David W.C. Telson · 2019/07/12 · 9 minute read

We are keenly interested in reasoning with incomplete or uncertain information i.e. how we should make a “best guess” given that we have imperfect knowledge. One of the classical tools in our tool belt is the so called “principle of insufficient reason” also known as the “principle of indifference”. More on the history and extensions of the principle, but for now I want to focus on some oddities that occur by trying to reason with the principle.

The principle of insufficient reason essentially states that if we have $$n > 1$$ mutually exclusive and collectively exhaustive propositions, and we have no reason to suspect any subset of them being more probable than another, then we should assign a probability of $$\frac{1}{n}$$ to each proposition.

In symbols we could rephrase this as follows: suppose $$a = \{a_1,a_2,...,a_n\}$$ is a collection of propositions such that $$\bigoplus_{i=1}^{n}a_i$$. Here $$\oplus$$ is the “exclusive disjunction” i.e. “exclusive or” i.e. “XOR” operator, meaning that one and only one of the propositions is true. If we are unable to distinguish between the propositions except for their label $$i$$, then the principle tells us to assign a probability of $$\frac{1}{n}$$ to each i.e. $$\forall a_i \in a$$, $$p_i = P(a_i) = \frac{1}{n}$$.
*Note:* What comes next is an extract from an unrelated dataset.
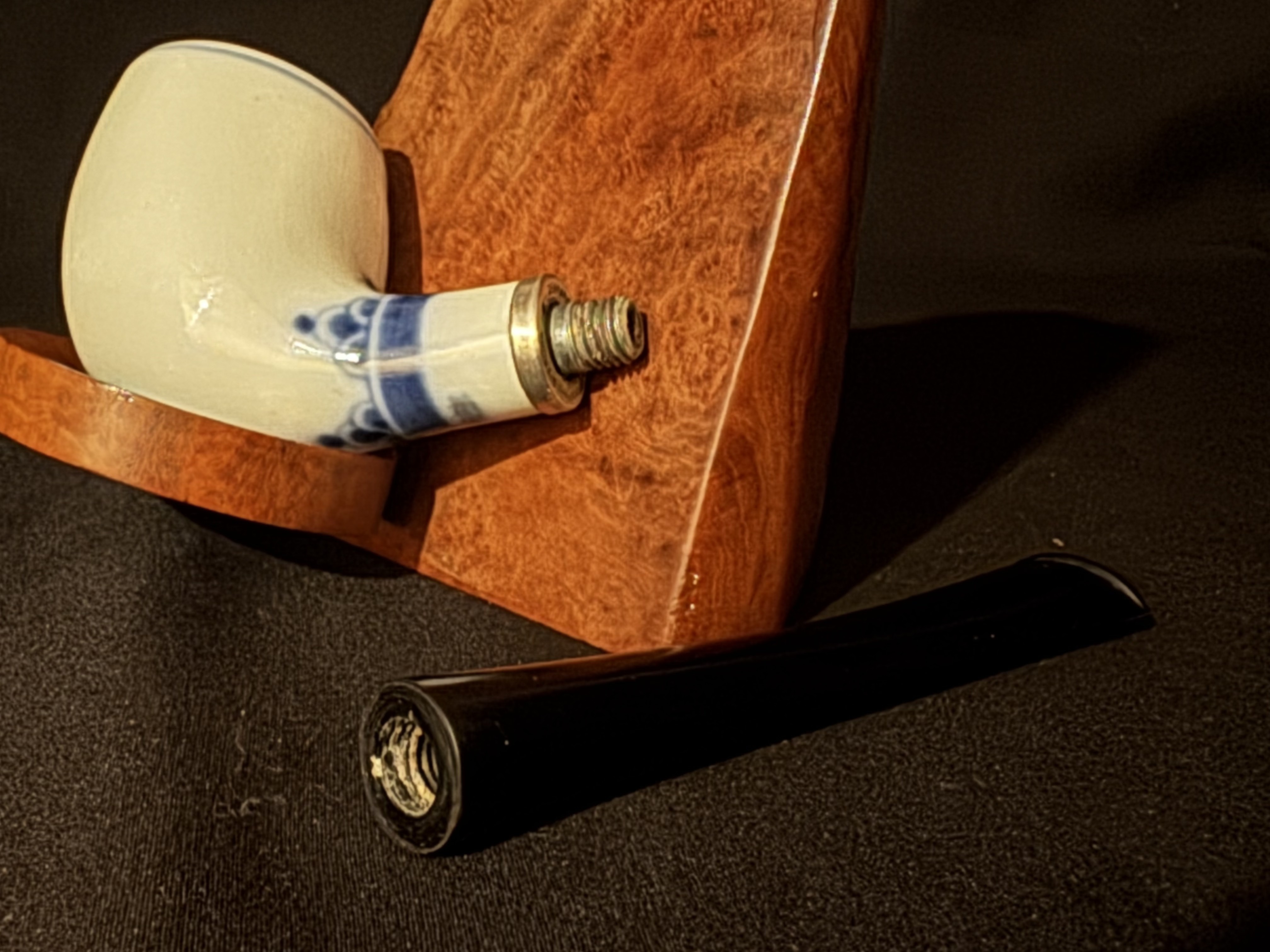 Sterling Denmark MA White Ceramic Billiard Smooth Vulcanite Estate Pipe 10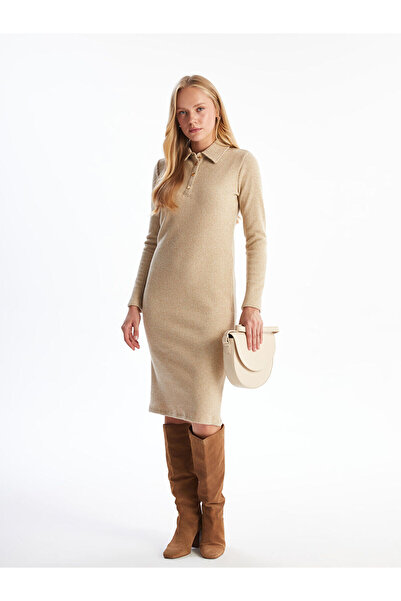 LC Waikiki Shirt Collar Shiny Look Dress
Even more abstractly, we could say that the principle of indifference is a function $$P$$, defined as: $P: a \rightarrow \mathbb{R^+} \\ a_i \mapsto \frac{1}{|a|} = \frac{1}{n}$

With finite sets of propositions, the principle satisfies the Kolmogorov’s axioms of probability. For a refresher, they are:

1. The probability of an event $$\omega$$ is a non-negative real number, i.e. $$P(\omega) \ge 0$$.
2. The probability of any event occurring in the set of all possible events is 1, i.e. $$P(\Omega) = 1$$.
3. The probability of a countable set of mutually exclusive events is equal to the sum of the probability of each of those events i.e. $$P(\bigcup_{i=1}^{\infty}\omega_i) = \sum_{i=1}^{\infty}P(\omega_i)$$.

The first two axioms are easily understood, but the last takes some thought. On finite sets, it is a triviality, but its utility is in finding meaningful probability statements within infinite sets, as we shall soon see.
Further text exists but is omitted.